Easy Butter Chicken

~Recipe Credit: Mummy Bobat~



  • 500g cubed or stripped boneless chicken
  • 5 tsp tandoori masala
  • 1/2 tsp ginger garlic paste
  • 1 tsp red chilli powder or to taste
  • 1/2 tsp turmeric powder
  • 1/2 tsp salt
  • 1 tbsp yoghurt


  • 3 tbsp butter
  • 2 tbsp oil
  • 1 medium onion (grated)
  • 1tsp kasturi methi
  • 1/2 tsp ginger garlic paste
  • 1 tsp green chillies or to taste
  • 1/2 tin or 200ml tomato (grounded)
  • 1 tbsp tomato puree
  • 2 tbsp cashew powder
  • Salt to taste
  • 60 ml double cream
  • 1/2 tsp garam masala


  1. Recite Bismillah
  2. Marinate chicken in listed ingredients for 30 mins minimum.
  3. Heat butter and oil in a pan & cook onions on low heat till water evaporates
  4. Then add kasturi methi and braise for a few seconds
  5. Then add ginger/garlic and green chillies and cook for a few seconds on medium to low heat
  6. Add tinned tomato, tomato puree and cashew powder.
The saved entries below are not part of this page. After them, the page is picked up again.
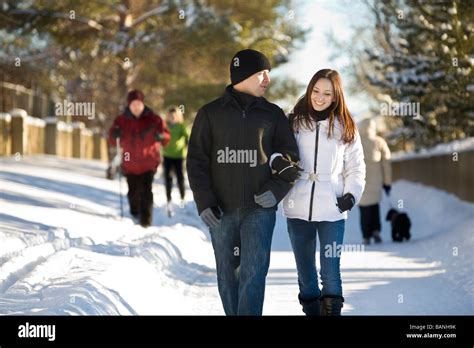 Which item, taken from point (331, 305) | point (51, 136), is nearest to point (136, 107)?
point (331, 305)

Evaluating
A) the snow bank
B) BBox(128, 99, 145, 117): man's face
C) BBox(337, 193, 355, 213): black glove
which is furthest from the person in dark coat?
the snow bank

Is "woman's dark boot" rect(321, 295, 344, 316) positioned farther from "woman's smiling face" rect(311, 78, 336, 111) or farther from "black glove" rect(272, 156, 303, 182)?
"woman's smiling face" rect(311, 78, 336, 111)

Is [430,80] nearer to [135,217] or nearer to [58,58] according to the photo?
[135,217]

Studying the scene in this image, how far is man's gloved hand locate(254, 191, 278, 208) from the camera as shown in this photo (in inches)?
238

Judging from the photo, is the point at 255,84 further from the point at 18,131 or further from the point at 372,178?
the point at 18,131

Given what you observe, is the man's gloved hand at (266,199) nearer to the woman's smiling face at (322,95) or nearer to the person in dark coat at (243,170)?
the person in dark coat at (243,170)

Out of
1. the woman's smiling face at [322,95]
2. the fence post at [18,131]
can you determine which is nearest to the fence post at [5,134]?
the fence post at [18,131]

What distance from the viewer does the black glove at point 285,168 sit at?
6.12 m

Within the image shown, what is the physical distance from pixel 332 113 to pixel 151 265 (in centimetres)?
410

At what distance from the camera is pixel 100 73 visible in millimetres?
40031

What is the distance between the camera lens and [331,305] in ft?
22.0

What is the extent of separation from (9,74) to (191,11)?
33.7 ft

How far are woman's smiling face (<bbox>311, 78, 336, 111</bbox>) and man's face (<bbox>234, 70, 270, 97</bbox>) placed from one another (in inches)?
17.9
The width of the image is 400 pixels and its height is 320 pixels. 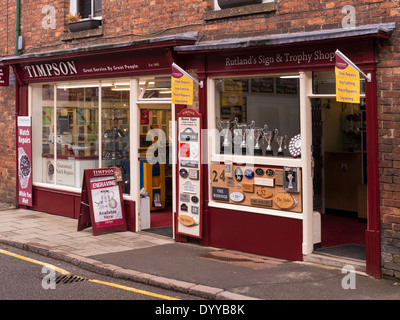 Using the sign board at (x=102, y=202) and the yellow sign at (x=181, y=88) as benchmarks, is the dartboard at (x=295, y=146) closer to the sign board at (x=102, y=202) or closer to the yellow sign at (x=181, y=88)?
the yellow sign at (x=181, y=88)

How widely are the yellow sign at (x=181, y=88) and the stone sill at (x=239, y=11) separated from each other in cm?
106

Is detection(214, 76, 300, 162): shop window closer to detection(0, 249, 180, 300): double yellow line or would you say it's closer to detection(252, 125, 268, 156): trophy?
detection(252, 125, 268, 156): trophy

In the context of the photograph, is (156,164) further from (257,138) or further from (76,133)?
(257,138)

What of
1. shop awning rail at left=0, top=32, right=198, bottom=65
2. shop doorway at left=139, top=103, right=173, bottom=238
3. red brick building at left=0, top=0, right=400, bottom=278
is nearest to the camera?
red brick building at left=0, top=0, right=400, bottom=278

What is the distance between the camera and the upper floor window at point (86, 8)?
1223cm

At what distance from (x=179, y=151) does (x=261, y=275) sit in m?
3.09

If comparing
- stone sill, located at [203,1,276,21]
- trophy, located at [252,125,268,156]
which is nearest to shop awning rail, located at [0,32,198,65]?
stone sill, located at [203,1,276,21]

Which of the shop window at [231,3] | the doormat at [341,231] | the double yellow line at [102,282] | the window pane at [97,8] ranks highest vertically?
the window pane at [97,8]

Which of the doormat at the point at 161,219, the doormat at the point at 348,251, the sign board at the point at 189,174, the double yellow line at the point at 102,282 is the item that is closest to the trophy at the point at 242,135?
the sign board at the point at 189,174

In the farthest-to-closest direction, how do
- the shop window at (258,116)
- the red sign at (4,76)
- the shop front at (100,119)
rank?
1. the red sign at (4,76)
2. the shop front at (100,119)
3. the shop window at (258,116)

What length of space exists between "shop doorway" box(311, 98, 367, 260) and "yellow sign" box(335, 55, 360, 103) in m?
3.79

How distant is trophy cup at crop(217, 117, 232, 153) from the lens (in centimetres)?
970

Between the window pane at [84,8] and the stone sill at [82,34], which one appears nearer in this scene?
the stone sill at [82,34] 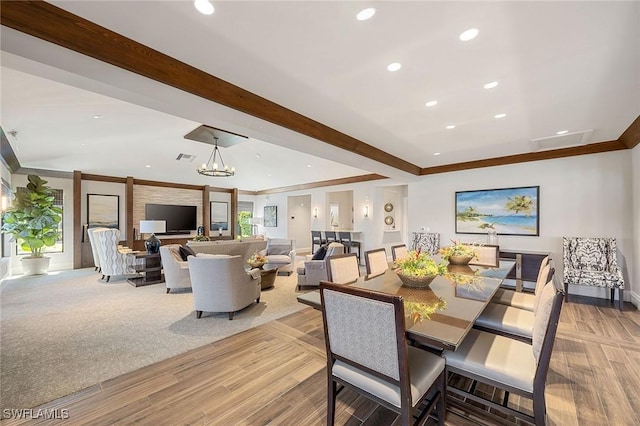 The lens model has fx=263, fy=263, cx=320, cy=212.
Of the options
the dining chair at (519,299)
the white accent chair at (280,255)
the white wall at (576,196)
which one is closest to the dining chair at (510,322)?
the dining chair at (519,299)

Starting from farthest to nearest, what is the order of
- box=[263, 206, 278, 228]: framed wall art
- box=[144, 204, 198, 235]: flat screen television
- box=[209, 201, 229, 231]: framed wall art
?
1. box=[263, 206, 278, 228]: framed wall art
2. box=[209, 201, 229, 231]: framed wall art
3. box=[144, 204, 198, 235]: flat screen television

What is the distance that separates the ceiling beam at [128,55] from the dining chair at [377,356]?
6.70 ft

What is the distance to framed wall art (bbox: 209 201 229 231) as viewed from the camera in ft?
34.5

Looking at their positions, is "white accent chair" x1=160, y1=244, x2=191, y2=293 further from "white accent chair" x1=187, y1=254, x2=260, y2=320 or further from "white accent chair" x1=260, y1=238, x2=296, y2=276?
"white accent chair" x1=260, y1=238, x2=296, y2=276

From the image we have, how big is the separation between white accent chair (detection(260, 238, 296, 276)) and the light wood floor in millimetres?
3255

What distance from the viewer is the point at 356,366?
1515 millimetres

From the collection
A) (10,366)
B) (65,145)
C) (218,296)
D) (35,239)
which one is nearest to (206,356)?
(218,296)

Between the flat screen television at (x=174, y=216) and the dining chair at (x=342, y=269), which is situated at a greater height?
the flat screen television at (x=174, y=216)

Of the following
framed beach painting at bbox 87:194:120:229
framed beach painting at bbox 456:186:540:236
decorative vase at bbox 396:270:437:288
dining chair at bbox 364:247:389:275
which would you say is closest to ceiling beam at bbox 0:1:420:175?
dining chair at bbox 364:247:389:275

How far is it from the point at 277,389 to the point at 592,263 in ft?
18.0

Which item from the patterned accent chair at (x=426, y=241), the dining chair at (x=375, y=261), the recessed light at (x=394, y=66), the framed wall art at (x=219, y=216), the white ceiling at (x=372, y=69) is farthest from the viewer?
the framed wall art at (x=219, y=216)

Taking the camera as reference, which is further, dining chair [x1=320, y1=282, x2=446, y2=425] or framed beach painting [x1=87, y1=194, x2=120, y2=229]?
framed beach painting [x1=87, y1=194, x2=120, y2=229]

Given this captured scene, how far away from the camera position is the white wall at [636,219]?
13.2ft

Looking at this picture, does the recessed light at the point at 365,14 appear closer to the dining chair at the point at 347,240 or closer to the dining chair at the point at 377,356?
the dining chair at the point at 377,356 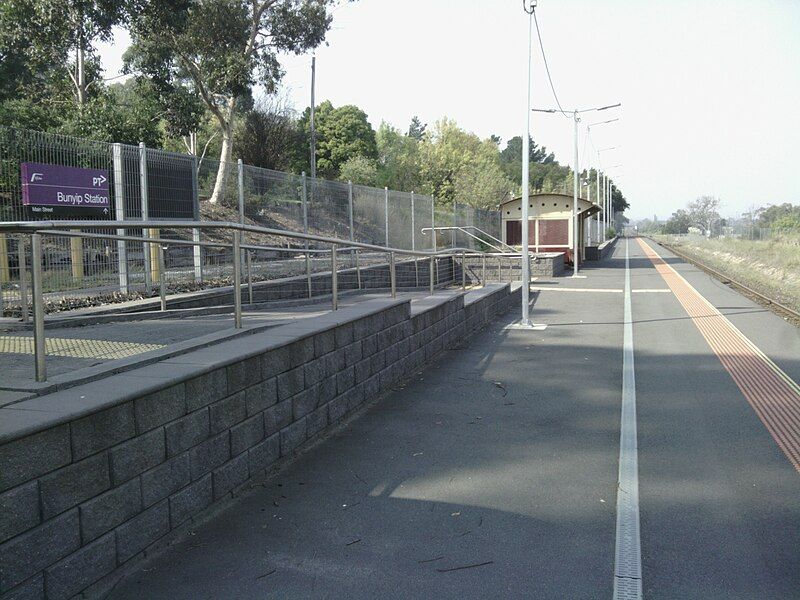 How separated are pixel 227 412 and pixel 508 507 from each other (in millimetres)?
1829

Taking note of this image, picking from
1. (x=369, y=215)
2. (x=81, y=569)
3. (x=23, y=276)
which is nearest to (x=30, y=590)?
(x=81, y=569)

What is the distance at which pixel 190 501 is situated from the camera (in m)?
4.09

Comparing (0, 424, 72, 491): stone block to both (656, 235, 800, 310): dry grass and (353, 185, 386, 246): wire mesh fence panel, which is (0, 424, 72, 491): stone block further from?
(656, 235, 800, 310): dry grass

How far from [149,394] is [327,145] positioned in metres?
59.3

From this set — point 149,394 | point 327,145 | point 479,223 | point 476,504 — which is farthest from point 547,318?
point 327,145

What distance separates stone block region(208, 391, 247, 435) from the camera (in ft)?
14.1

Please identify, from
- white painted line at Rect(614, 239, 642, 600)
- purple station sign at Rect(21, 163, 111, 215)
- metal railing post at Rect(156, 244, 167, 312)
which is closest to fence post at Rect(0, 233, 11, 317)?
metal railing post at Rect(156, 244, 167, 312)

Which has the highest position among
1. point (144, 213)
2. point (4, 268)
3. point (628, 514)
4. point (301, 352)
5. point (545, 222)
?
point (545, 222)

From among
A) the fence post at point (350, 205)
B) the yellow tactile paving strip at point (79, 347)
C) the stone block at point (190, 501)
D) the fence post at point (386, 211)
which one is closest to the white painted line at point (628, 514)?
the stone block at point (190, 501)

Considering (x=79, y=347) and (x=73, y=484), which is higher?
(x=79, y=347)

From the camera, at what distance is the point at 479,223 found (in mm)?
31938

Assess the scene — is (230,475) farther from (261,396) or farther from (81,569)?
(81,569)

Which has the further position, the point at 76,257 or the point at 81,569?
the point at 76,257

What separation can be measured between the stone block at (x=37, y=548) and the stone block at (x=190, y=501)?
2.49 feet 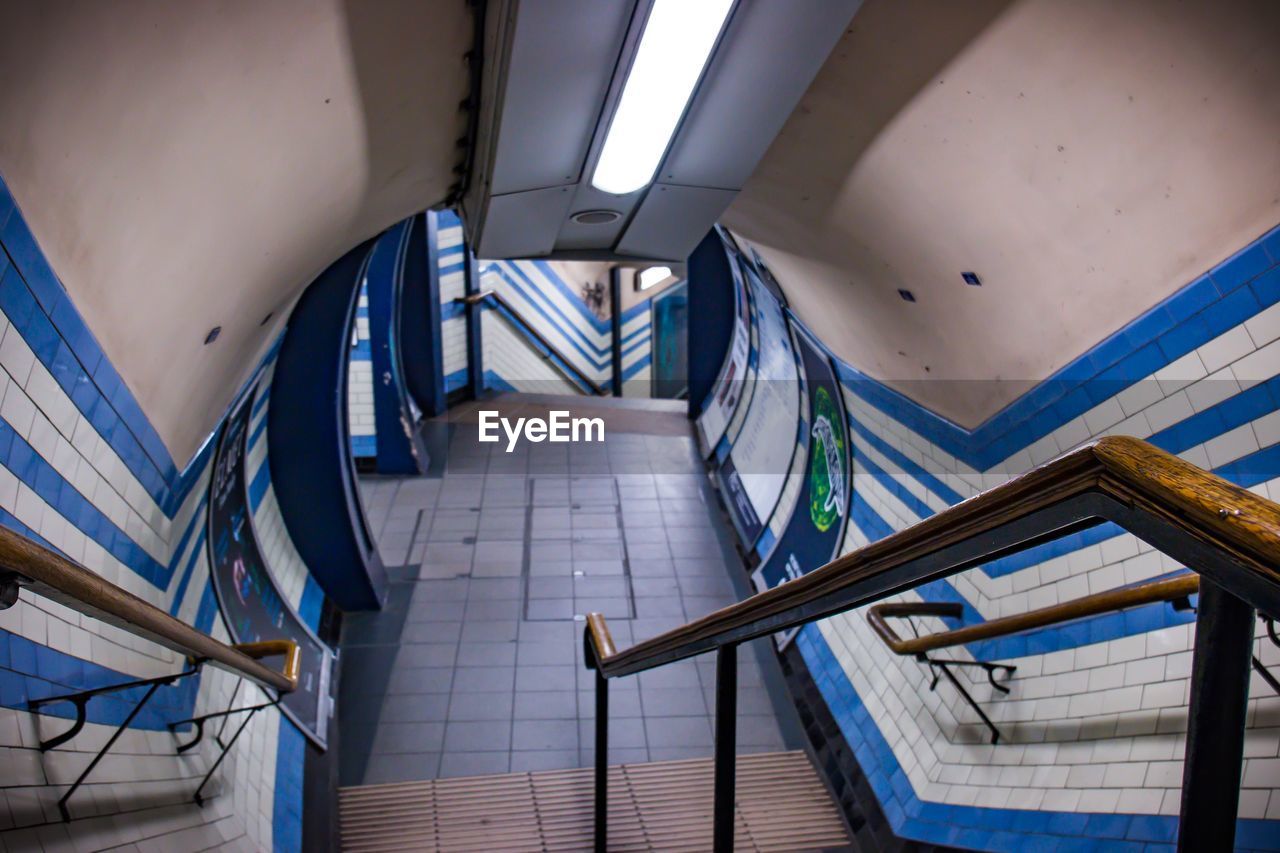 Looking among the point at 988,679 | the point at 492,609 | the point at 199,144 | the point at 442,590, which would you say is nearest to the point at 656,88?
the point at 199,144

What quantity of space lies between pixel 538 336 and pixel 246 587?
932 centimetres

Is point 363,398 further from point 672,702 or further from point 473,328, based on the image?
point 672,702

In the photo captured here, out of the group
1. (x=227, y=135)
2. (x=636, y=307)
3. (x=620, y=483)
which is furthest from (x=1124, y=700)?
(x=636, y=307)

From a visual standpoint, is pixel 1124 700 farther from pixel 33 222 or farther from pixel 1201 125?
pixel 33 222

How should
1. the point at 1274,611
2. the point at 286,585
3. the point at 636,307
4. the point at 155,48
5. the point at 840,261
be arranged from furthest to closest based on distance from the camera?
1. the point at 636,307
2. the point at 286,585
3. the point at 840,261
4. the point at 155,48
5. the point at 1274,611

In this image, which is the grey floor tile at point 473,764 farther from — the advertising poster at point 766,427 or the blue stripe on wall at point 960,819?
the advertising poster at point 766,427

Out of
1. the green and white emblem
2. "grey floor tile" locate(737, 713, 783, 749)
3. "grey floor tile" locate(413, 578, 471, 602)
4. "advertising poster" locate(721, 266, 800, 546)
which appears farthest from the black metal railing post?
"advertising poster" locate(721, 266, 800, 546)

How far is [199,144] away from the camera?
239cm

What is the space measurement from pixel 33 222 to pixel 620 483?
23.8 feet

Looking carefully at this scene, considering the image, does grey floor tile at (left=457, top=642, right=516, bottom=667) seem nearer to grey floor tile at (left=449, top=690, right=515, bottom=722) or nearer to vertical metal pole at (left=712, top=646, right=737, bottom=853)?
grey floor tile at (left=449, top=690, right=515, bottom=722)

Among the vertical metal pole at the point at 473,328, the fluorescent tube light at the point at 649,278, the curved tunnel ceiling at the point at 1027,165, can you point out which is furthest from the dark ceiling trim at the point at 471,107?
the fluorescent tube light at the point at 649,278

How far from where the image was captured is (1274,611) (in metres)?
0.80

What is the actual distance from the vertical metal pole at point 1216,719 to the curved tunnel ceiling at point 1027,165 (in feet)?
6.30

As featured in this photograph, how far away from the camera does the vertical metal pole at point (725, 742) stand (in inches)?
91.0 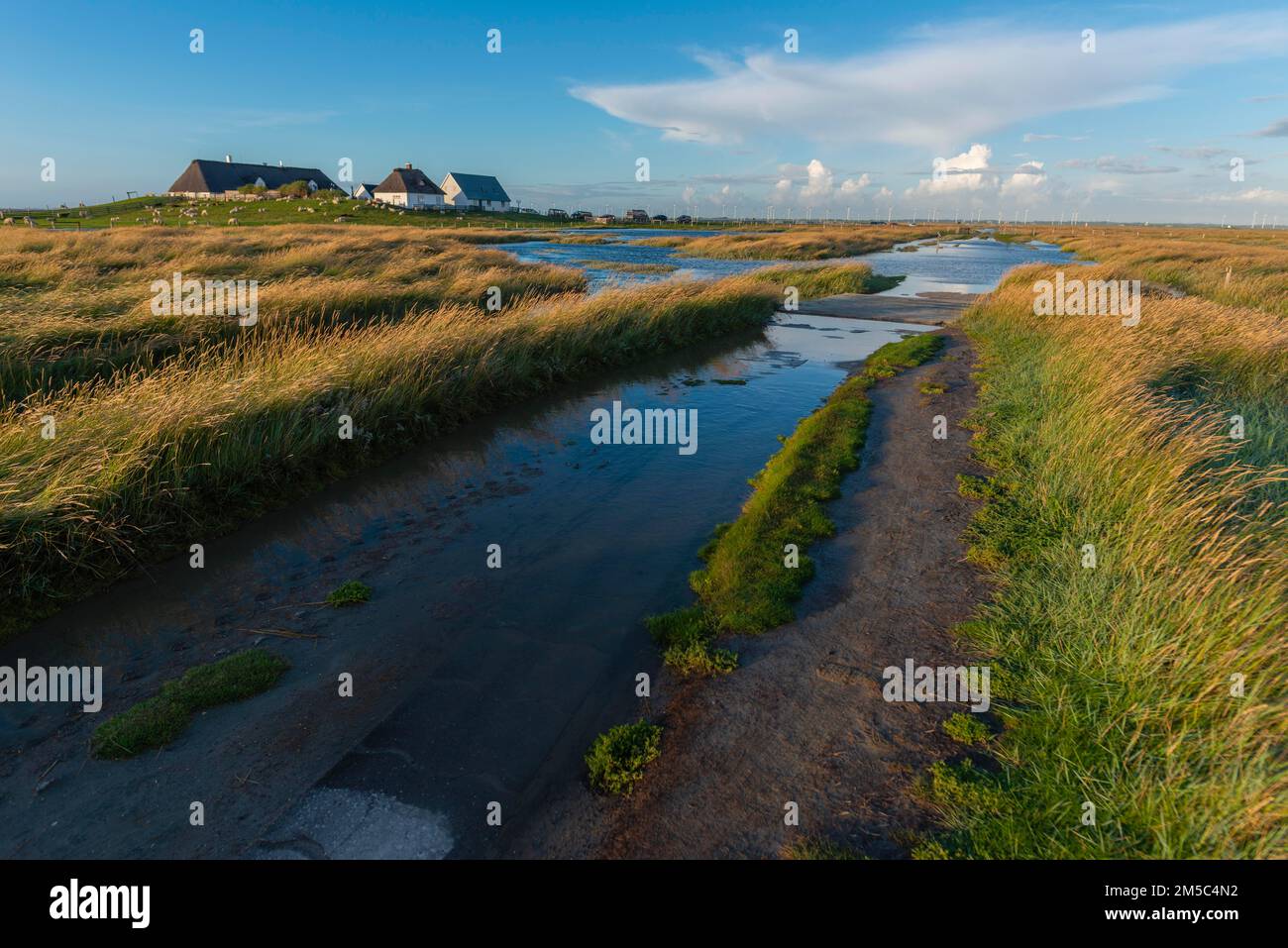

Cook on medium to low heat till oil releases
  7. Meanwhile, heat about 3 tbsp of oil in a griddle pan. Fry the chicken till charred.
  8. Add chicken and all its juices to the gravy. (Make sure the juices from the griddle pan are put in! You can also add boiling water to the griddle pan to remove the charred chicken flavour and add to the gravy)
  9. Add cream, salt and garam masala and simmer on low heat and serve with hot hot naans!